#### To do
Each entry is to be retyped exactly as it appears. Leave the images out.

#### Provided records
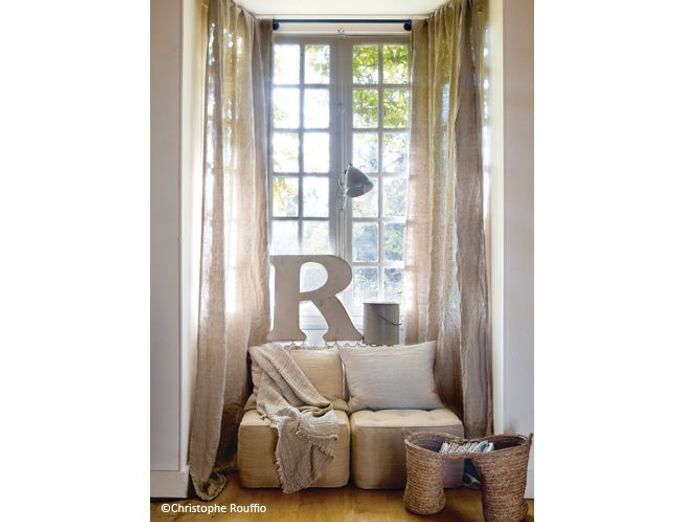 Une jolie maison, entre esprit campagne et récup' elle décoration Recup rideaux désign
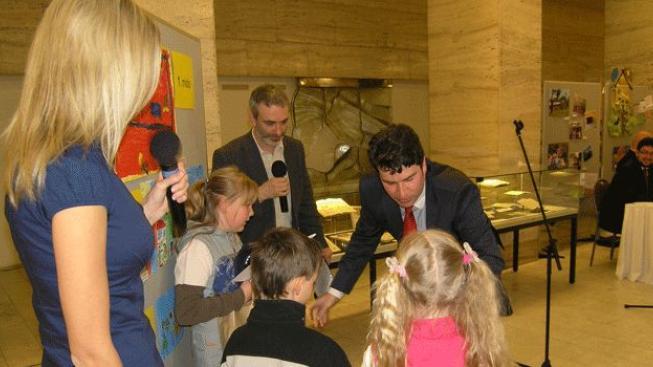 Obrázky dětí, malujících pro ADRU, vystavuje Národní muzeum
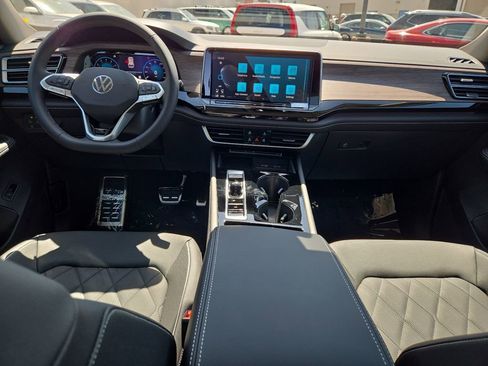 New 2025 Volkswagen Atlas SEL Premium R-Line image 16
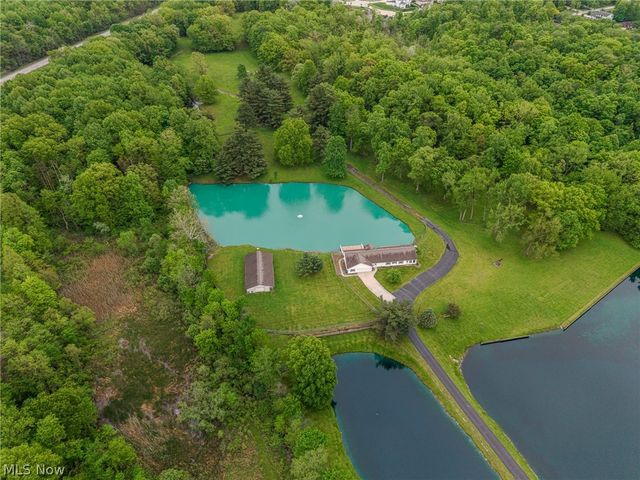 9541 N Bedford Road, Macedonia, OH 44056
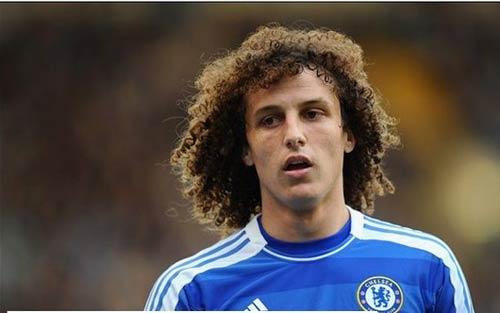 喊罗纳尔多名字的解说,叫罗纳尔多的足球明星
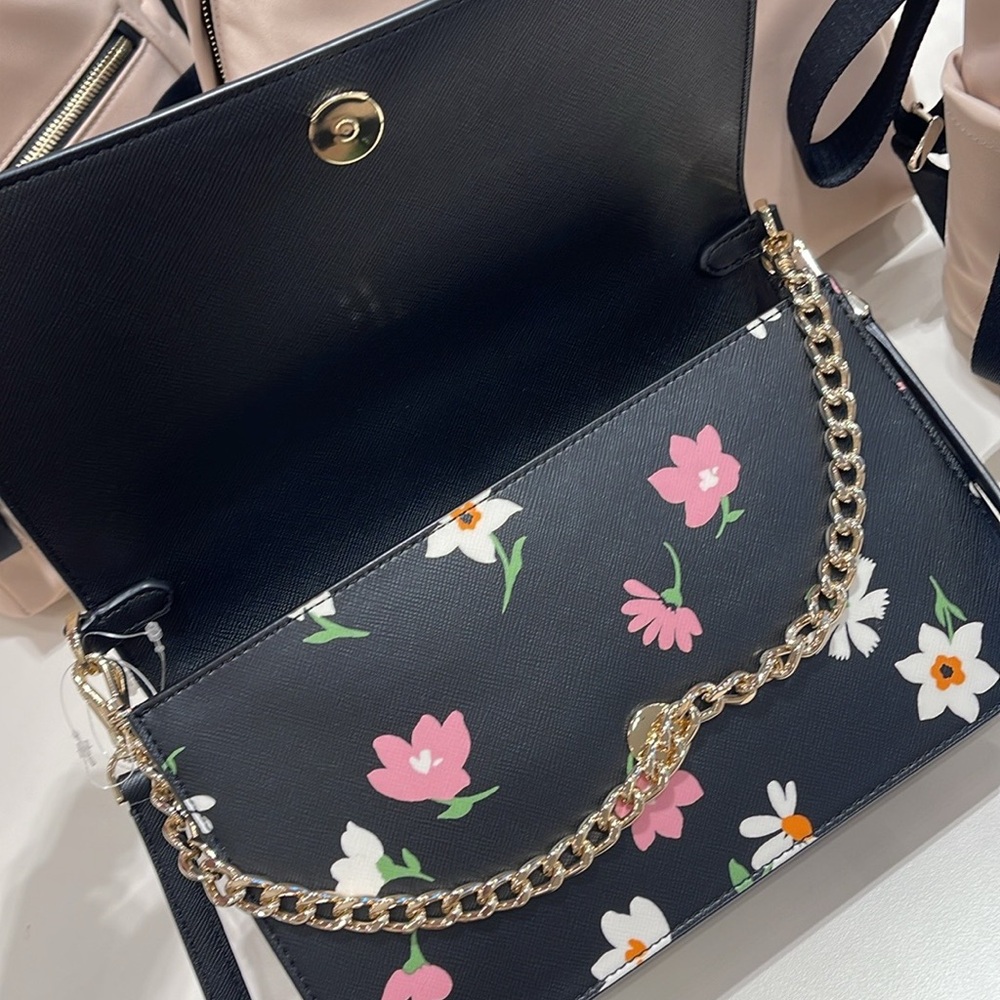 Kate Spade Madison Floral Waltz Flap Convertible Crossbody
Black Multi
NWT - Picture 8 of 16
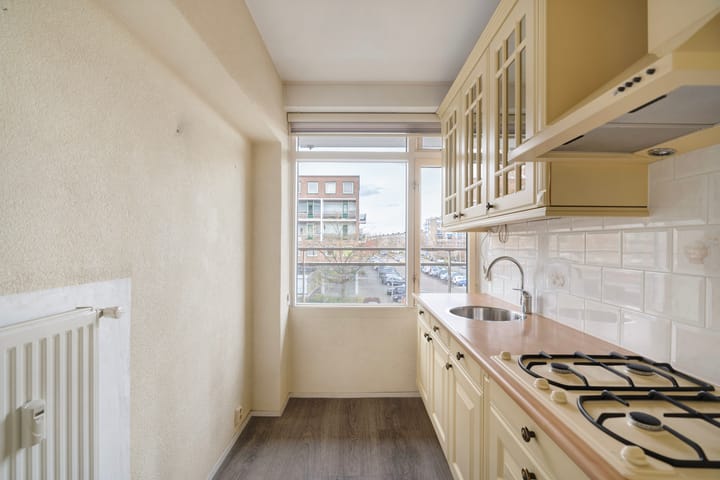 Foto 19 van van Baerlestraat 19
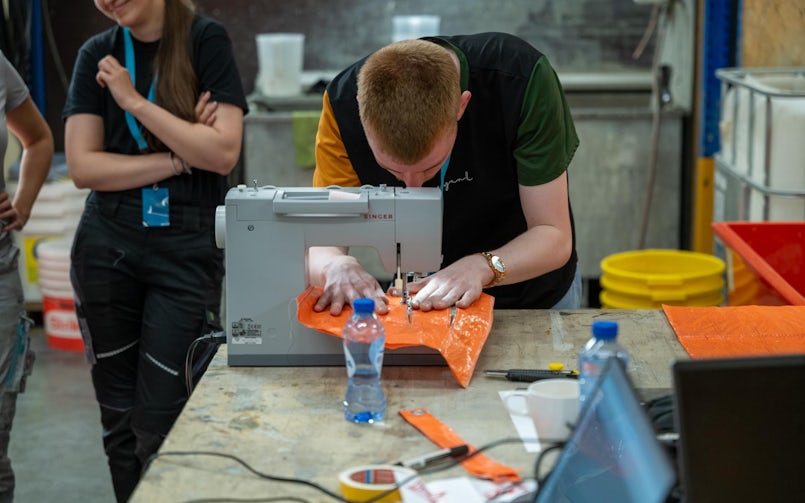 Het netjes naaien van de textiele mal vergt concentratie (foto: bureaubakker)
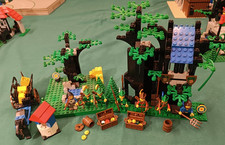 Lego vintage forestmen castle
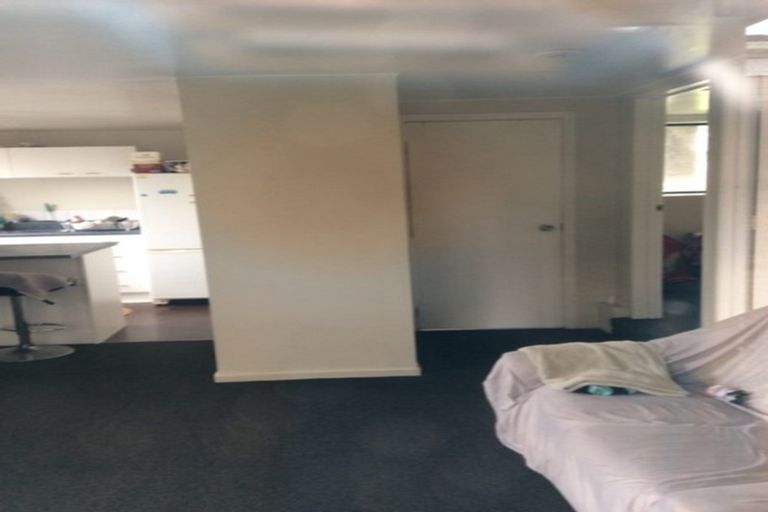 Photo of property in 1/30 Chislehurst Street, Henderson, Auckland, 0612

#### Expected answer
 Une jolie maison, entre esprit campagne et récup' elle décoration Recup rideaux désign
 Obrázky dětí, malujících pro ADRU, vystavuje Národní muzeum
 New 2025 Volkswagen Atlas SEL Premium R-Line image 16
 9541 N Bedford Road, Macedonia, OH 44056
 喊罗纳尔多名字的解说,叫罗纳尔多的足球明星
 Kate Spade Madison Floral Waltz Flap Convertible Crossbody
Black Multi
NWT - Picture 8 of 16
 Foto 19 van van Baerlestraat 19
 Het netjes naaien van de textiele mal vergt concentratie (foto: bureaubakker)
 Lego vintage forestmen castle
 Photo of property in 1/30 Chislehurst Street, Henderson, Auckland, 0612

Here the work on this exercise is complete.